== Segment start ==

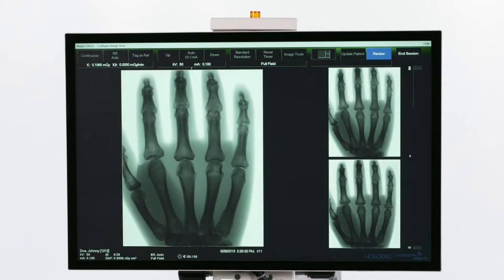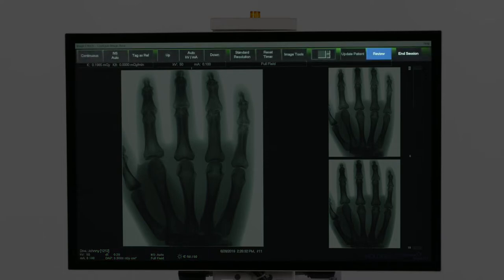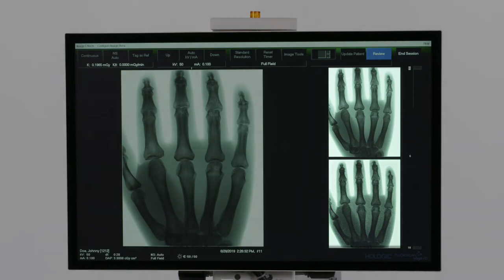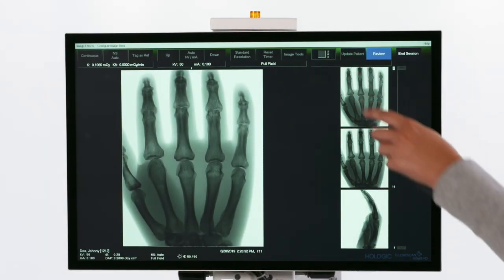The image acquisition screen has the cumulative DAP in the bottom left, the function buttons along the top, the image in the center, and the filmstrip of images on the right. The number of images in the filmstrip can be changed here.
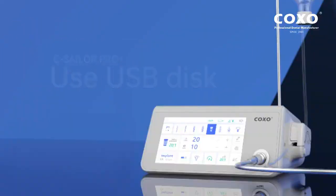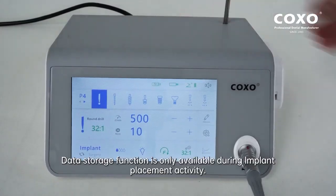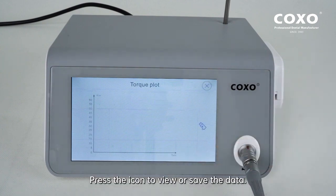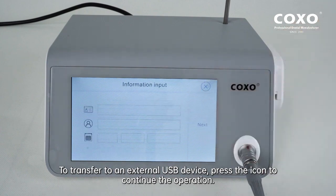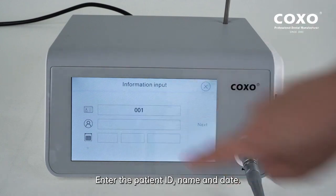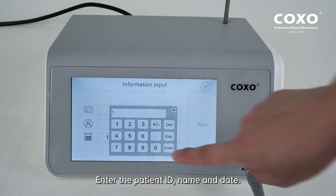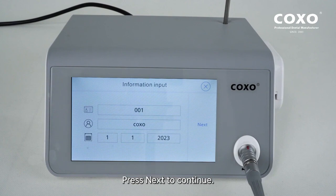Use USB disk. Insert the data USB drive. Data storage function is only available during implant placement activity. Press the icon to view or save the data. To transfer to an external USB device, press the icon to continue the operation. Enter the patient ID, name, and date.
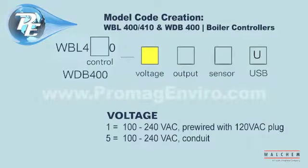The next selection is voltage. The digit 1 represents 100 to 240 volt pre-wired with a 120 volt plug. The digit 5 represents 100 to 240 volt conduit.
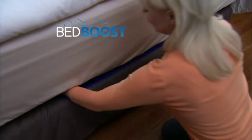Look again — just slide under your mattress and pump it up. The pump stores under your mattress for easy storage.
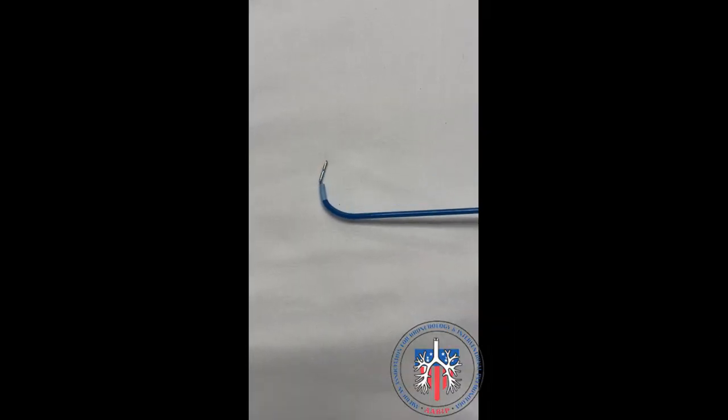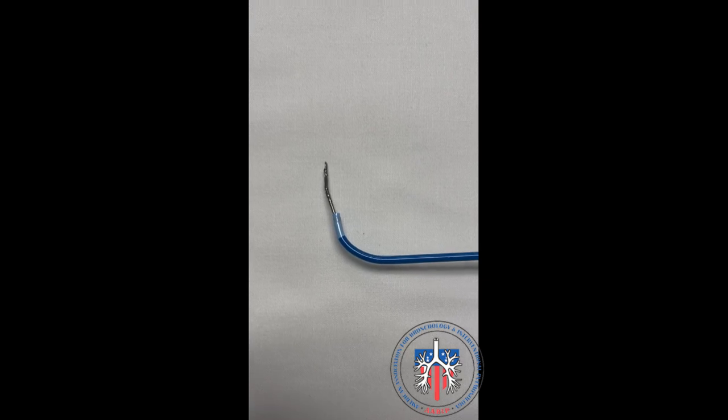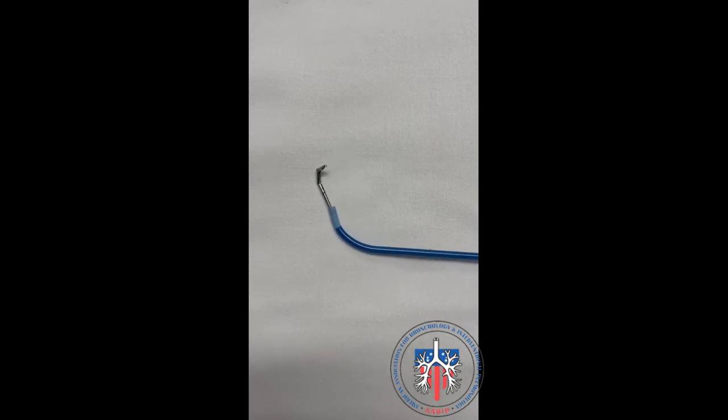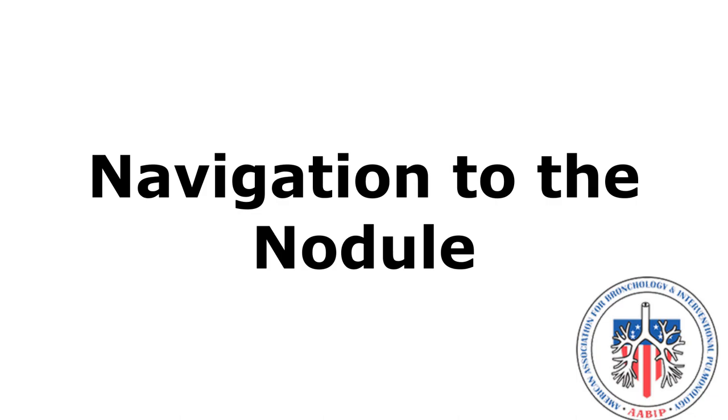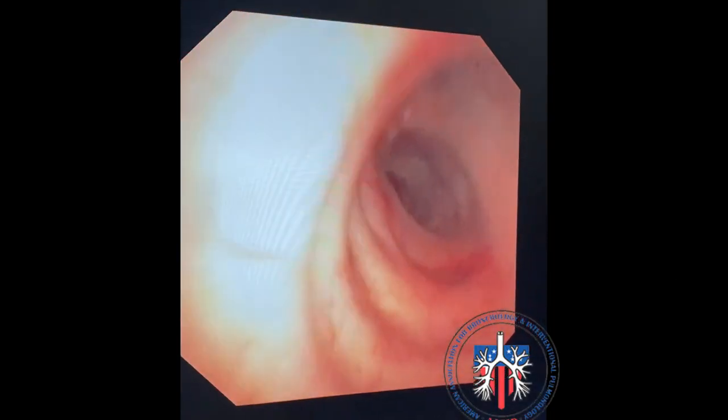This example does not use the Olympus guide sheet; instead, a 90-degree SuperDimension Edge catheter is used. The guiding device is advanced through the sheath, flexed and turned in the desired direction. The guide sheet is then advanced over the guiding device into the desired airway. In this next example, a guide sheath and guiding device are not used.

== Segment end ==

WORK ORDER
Exactly the lines from the one holding "Look again —" through the last line of the entries, both included, are to be duplicated; leave the pictures out.

ANSWER SECTION
Look again — just slide under your mattress and pump it up. The pump stores under your mattress for easy storage.
This example does not use the Olympus guide sheet; instead, a 90-degree SuperDimension Edge catheter is used. The guiding device is advanced through the sheath, flexed and turned in the desired direction. The guide sheet is then advanced over the guiding device into the desired airway. In this next example, a guide sheath and guiding device are not used.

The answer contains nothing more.